# EXERCISE REQUIREMENTS:
Write the data below out again in full, exactly as shown.

# DATASET RECORDS:

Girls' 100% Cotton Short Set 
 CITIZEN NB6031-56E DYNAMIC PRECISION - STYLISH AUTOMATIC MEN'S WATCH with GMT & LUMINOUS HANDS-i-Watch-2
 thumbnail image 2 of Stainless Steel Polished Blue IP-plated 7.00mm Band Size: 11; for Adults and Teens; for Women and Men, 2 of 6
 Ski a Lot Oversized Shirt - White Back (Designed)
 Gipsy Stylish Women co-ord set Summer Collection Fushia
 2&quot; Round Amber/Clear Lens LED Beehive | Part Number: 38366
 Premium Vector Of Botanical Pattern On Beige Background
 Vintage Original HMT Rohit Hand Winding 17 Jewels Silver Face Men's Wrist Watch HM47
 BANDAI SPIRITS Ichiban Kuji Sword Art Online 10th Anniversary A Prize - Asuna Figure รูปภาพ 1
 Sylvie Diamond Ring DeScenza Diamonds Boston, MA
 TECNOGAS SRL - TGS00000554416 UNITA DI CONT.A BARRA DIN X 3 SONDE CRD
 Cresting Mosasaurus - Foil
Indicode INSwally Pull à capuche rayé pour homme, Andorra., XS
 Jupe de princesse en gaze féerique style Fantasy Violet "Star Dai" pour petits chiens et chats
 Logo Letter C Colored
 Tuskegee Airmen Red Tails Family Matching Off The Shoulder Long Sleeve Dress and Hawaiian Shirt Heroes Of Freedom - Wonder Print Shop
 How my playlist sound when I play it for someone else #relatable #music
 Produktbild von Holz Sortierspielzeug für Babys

# RESULT OF THIS EXERCISE:
Girls' 100% Cotton Short Set 
 CITIZEN NB6031-56E DYNAMIC PRECISION - STYLISH AUTOMATIC MEN'S WATCH with GMT & LUMINOUS HANDS-i-Watch-2
 thumbnail image 2 of Stainless Steel Polished Blue IP-plated 7.00mm Band Size: 11; for Adults and Teens; for Women and Men, 2 of 6
 Ski a Lot Oversized Shirt - White Back (Designed)
 Gipsy Stylish Women co-ord set Summer Collection Fushia
 2&quot; Round Amber/Clear Lens LED Beehive | Part Number: 38366
 Premium Vector Of Botanical Pattern On Beige Background
 Vintage Original HMT Rohit Hand Winding 17 Jewels Silver Face Men's Wrist Watch HM47
 BANDAI SPIRITS Ichiban Kuji Sword Art Online 10th Anniversary A Prize - Asuna Figure รูปภาพ 1
 Sylvie Diamond Ring DeScenza Diamonds Boston, MA
 TECNOGAS SRL - TGS00000554416 UNITA DI CONT.A BARRA DIN X 3 SONDE CRD
 Cresting Mosasaurus - Foil
Indicode INSwally Pull à capuche rayé pour homme, Andorra., XS
 Jupe de princesse en gaze féerique style Fantasy Violet "Star Dai" pour petits chiens et chats
 Logo Letter C Colored
 Tuskegee Airmen Red Tails Family Matching Off The Shoulder Long Sleeve Dress and Hawaiian Shirt Heroes Of Freedom - Wonder Print Shop
 How my playlist sound when I play it for someone else #relatable #music
 Produktbild von Holz Sortierspielzeug für Babys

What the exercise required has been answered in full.